NAIDOC Week’s theme this year is Get Up! Stand Up! Show Up! Its focus is encouraging First Nations people to continue “getting up, standing up, and showing up” to achieve “systemic change” and to “narrow the gap between aspiration and reality, good intent and outcome”. They also say,
The relationship between Aboriginal and Torres Strait Islander peoples and non‑Indigenous Australians needs to be based on justice, equity, and the proper recognition of Aboriginal and Torres Strait Islander peoples’ rights.
I would like to think that our blogs help in some way by sharing our engagement with First Nations Australian writing, and hopefully inspiring others to engage too. There is a lot of truth-telling in First Nations writing and I greatly appreciate what I am learning. Although it can be confronting at times, it is exciting to feel my understanding expanding and deepening.

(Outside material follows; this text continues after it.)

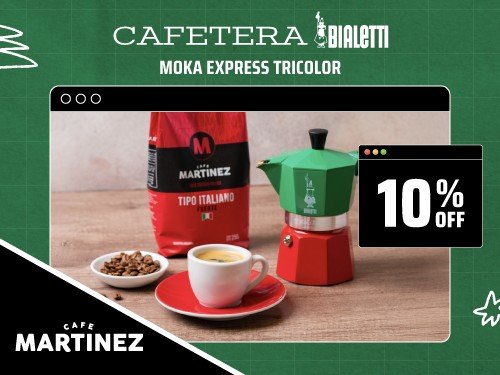 Cafetera Moka Italiana Express TRICOLOR Italia Bialetti 3 Pocillos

And this brings me to this post, because my introduction to First Nations Australians’ experience and thinking came through poetry. It was in my teens in the late 1960s. I had become interested in racial inequality, and discovered the work of Kath Walker, as she was known then.
Kath Walker was, of course, Oodgeroo Noonuccal (1920-1993). According to the Macquarie Pen anthology of Aboriginal literature, edited by Anita Heiss and Peter Minter, Walker “readopted her tribal name” in 1988 “as a protest against Australia’s Bicentenary celebrations and a symbol of her Aboriginal pride”. Heiss and Minter say that her 1964-published collection, We are going, “was the first book of poetry by an Aboriginal writer and the first book by an Aboriginal woman”.

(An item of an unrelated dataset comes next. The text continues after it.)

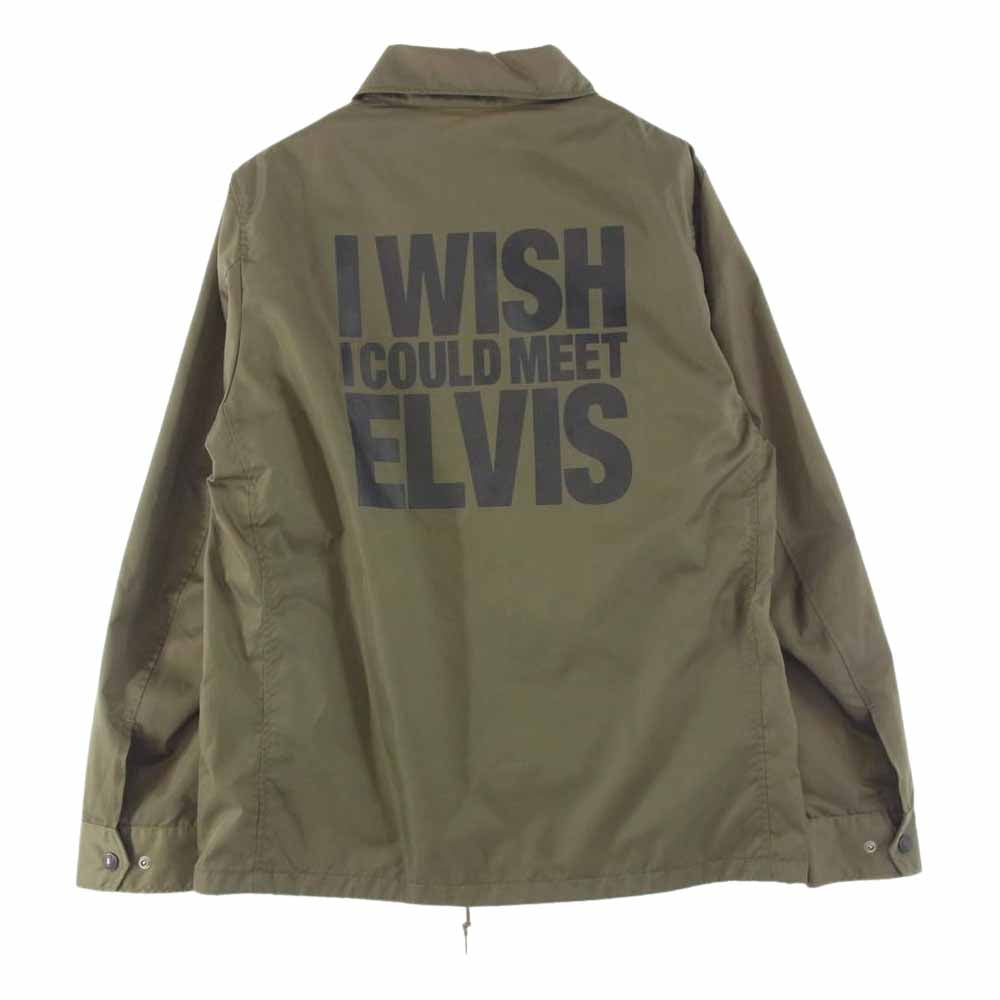 HYSTERIC GLAMOUR ヒステリックグラマー 0263AB05  I WISH I COULD MEET ELVIS COACH JACKET Hロゴ ガールプリント コーチ ジャケット カーキ系 S【美品】【中古】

For Poetry Month last year, you may remember that I asked people to share their favourite poem (or poems). One of mine was Oodgeroo Noonuccal’s “We are going”, and I see that it is one of the eight that Heiss and Minter selected for their anthology. As they say in their introduction to her, “Oodgeroo was politically active from the late 1940s and became one of the most prominent Aboriginal voices”. Her poetry reflected her politics, as is common among poets from marginalised, disempowered people. Poetry, after all, is a powerful tool. It can make points succinctly, and do so in ways that you want to repeat. Listen to the end of “We are going” – the repetition, the rhythm and tone it creates, and the final line. Wham!

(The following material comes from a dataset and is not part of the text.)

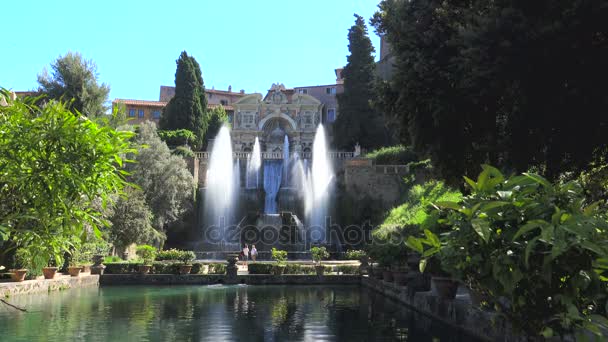 Fiskdammar och Neptunus, naturskön utsikt i Villa d'Este, Tivoli fontän — Stockvideo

We are nature and the past, all the old ways
Gone now and scattered.
The scrubs are gone, the hunting and the laughter.
The eagle is gone, the emu and the kangaroo are gone from this place.
The bora ring is gone.
The corroboree is gone.
And we are going.
Oodgeroo varied her style, and often used rhyme, but here she uses free verse to such rhetorical effect.
I’m embarrassed to say that I didn’t read much First Nations poetry again for a few decades, until I read contemporary poets like Ellen Van Neerven, Ali Cobby Eckermann and, right now, Evelyn Araluen. However, First Nations people were writing poetry right through, and Heiss and Minter include many in their anthology. These writers include Jack Davis (1917-2000), who wrote a poem titled “Walker (For Kath)”. It starts, “Fight on, Sister, fight on/Stir them with your ice”.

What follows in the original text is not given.